Update: Let me elaborate. First, let’s assume that the empirical Hessian exists everywhere.

If $\hat{\theta}_n$ is a local (or even global) minimum of $\sum_i q(w_i, \cdot)$ and in the interior of the parameter space (assumed to be an open set) then necessarily the Hessian $(1/N) \sum_i H(w_i, \hat{\theta}_n)$ is positive semidefinite. If not, then $\hat{\theta}_n$ is not a local minimum. This follows from second order optimality conditions — locally $\sum_i q(w_i, \cdot)$ must not decrease in any directions away from $\hat{\theta}_n$.

One source of the confusion might the "working" definition of an M-estimator.

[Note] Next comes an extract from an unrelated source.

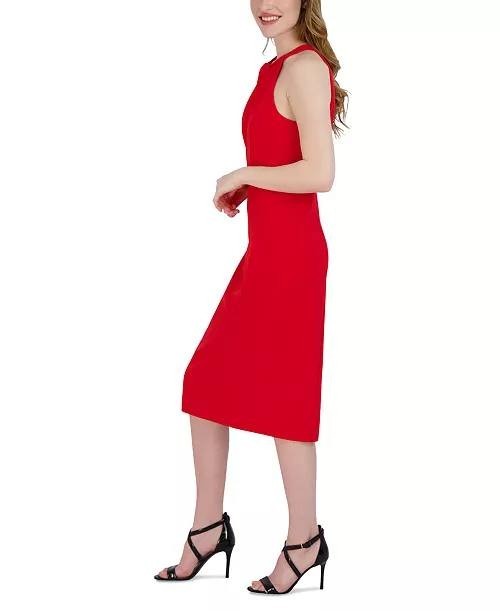 Julia Jordan Women’s Halter Neck Sleeveless Sheath Dress Red Size 12 NWT 109$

Although in principle an M-estimator should be defined as $\arg\min_\theta \sum_i q(w_i, \theta)$, it might also be defined as a solution to the equation $$0 = \sum_i \dot{q}(w_i, \theta)\,,$$ where $\dot{q}$ is the gradient of $q(w, \theta)$ with respect to $\theta$. This is sometimes called the $\Psi$-type. In the latter case a solution of that equation need not be a local minimum. It can be a saddle point and in this case the Hessian would be indefinite.

Practically speaking, even a positive definite Hessian that is nearly singular or ill-conditioned would suggest that the estimator is poor and you have more to worry about than estimating its variance.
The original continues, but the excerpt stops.